## ACTION ITEM
Without including the images, transcribe each record precisely as it appears below.

─── DATA RECORDS

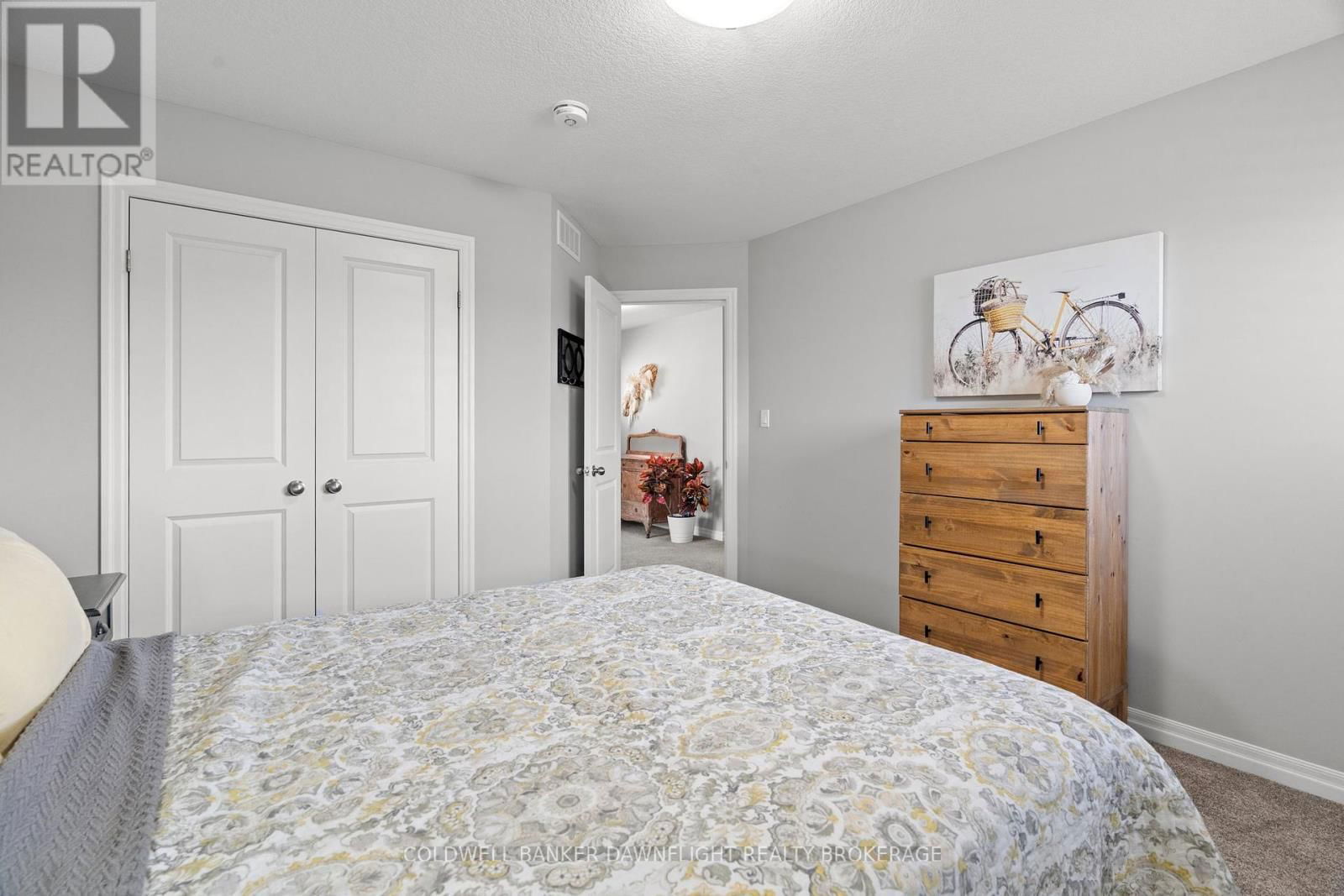 77 DEREHAM DRIVE Image 22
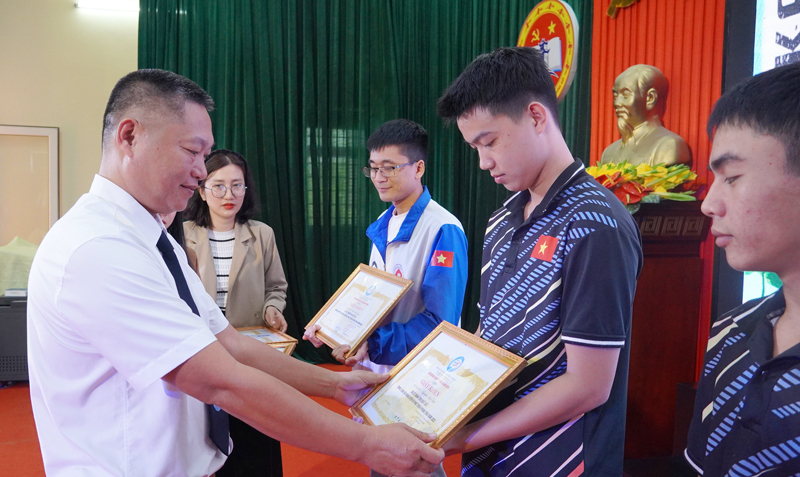 Các võ sinh xuất sắc trong tập luyện và thi đấu được trao tặng giấy khen.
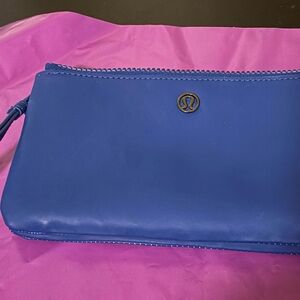 lululemon athletica cobalt blue zip clutch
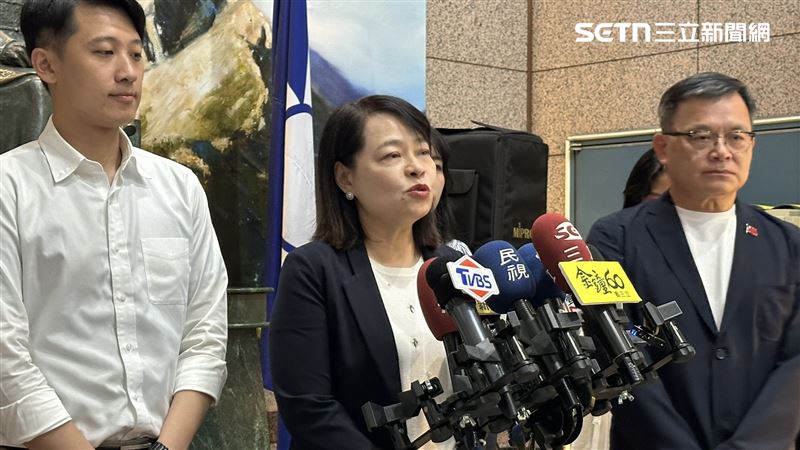 國民黨立委許宇甄指控，台中爆出非洲豬瘟災情原因為中央決策失靈。（圖／記者詹宜庭攝影）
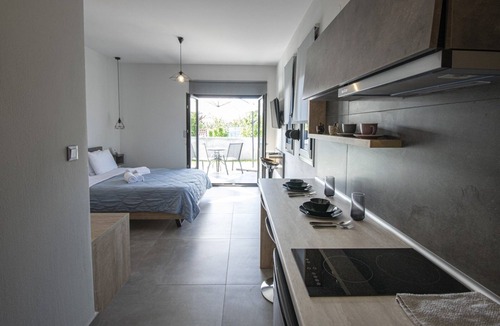Nea Iraklia Apartment | TheaSea Luxury Suites- Studio 1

──────

## SOLUTION TO THIS PROBLEM
 77 DEREHAM DRIVE Image 22
 Các võ sinh xuất sắc trong tập luyện và thi đấu được trao tặng giấy khen.
 lululemon athletica cobalt blue zip clutch
 國民黨立委許宇甄指控，台中爆出非洲豬瘟災情原因為中央決策失靈。（圖／記者詹宜庭攝影）
Nea Iraklia Apartment | TheaSea Luxury Suites- Studio 1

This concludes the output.